Israel has approved three settlement outposts in the occupied West Bank, the office of Prime Minister Binyamin Netanyahu has said in a statement.
The UN and the US criticized the move, with US State Department Spokeswoman Victoria Nuland calling it unhelpful to making peace with Palestinians.
At a meeting late on Monday, an Israeli ministerial committee "decided to formalize the status of three communities which were established in the 1990s following the decisions of past governments," a statement said on Tuesday.
The three outposts over which the decision was made are Bruchin, Rechalim and Sansana.
Bruchin has nearly 400 residents and is located in the northern West Bank, along with Rechalim, which is home to about 200 people.

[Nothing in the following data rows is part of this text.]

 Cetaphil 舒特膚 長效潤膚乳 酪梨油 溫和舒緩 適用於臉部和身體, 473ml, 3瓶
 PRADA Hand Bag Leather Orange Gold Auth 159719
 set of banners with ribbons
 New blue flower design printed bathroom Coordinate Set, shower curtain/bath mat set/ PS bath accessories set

Sansana, home to around 250 people, is in the southern West Bank, near Hebron.
Condemning the decision, Nabil Abu Rdainah, a spokesman for Mahmoud Abbas, the Palestinian president, said "Netanyahu has pushed things to a dead end yet again".
Palestinians are awaiting a formal response from Netanyahu to a letter they sent last week in which Abbas repeated his call for an end to all settlement activity.
'Hiding the true policy'
The Israeli government had committed to the Supreme Court that it would regulate the status of the outposts, and Netanyahu on Sunday formed a new four-man ministerial committee to seek legal solutions to the contested projects.
Nuland reiterated Washington's opposition to settlement activity and said the US asked Israel, through its embassy in Tel Aviv, for "clarification".
"We are obviously concerned," she told reporters. "We don't think this is helpful to the process, and we don't accept the legitimacy of continued settlement activity."
Meanwhile, the UN chief said he was "deeply troubled" by Israel's decision.
"The Secretary-General reiterates that all settlement activity is illegal under international law. It runs contrary to Israel's obligations under the Road Map and repeated Quartet calls for the parties to refrain from provocations," the office of Ban Ki-moon said in a statement.
Hagit Ofran of Peace Now, an Israeli settlement watchdog, slammed the government for establishing new settlements in what he said was a deceitful way.
"The Israeli government is proving its true policy, that instead of going to peace it is building new settlements," she told the AFP news agency.
"This is the first time since 1990 that the government of Israel decides on establishing new settlements, and the government's manoeuvre, of establishing a committee to establish the settlements, is a trick aimed at hiding the true policy from the public.
"All the years these outposts weren't legal, the state said they aren't for real, and now they suddenly are."
The Netanyahu government has also been trying to prevent the demolition of another illegal settlement, Ulpana, after a court found it was built on private Palestinian land.
The Israeli prime minister has informed the cabinet that he has asked Yehuda Weinstein, the attorney general, to find a solution that would legalize the outpost and prevent its demolition.
Israel considers settler outposts built without government approval to be illegal, but the international community views all settlements as illegal, whether approved by the government or not.
PHOTO CAPTION
Jan. 7, 2008 file photo, a general view of the unauthorized West Bank outpost of Bruchin.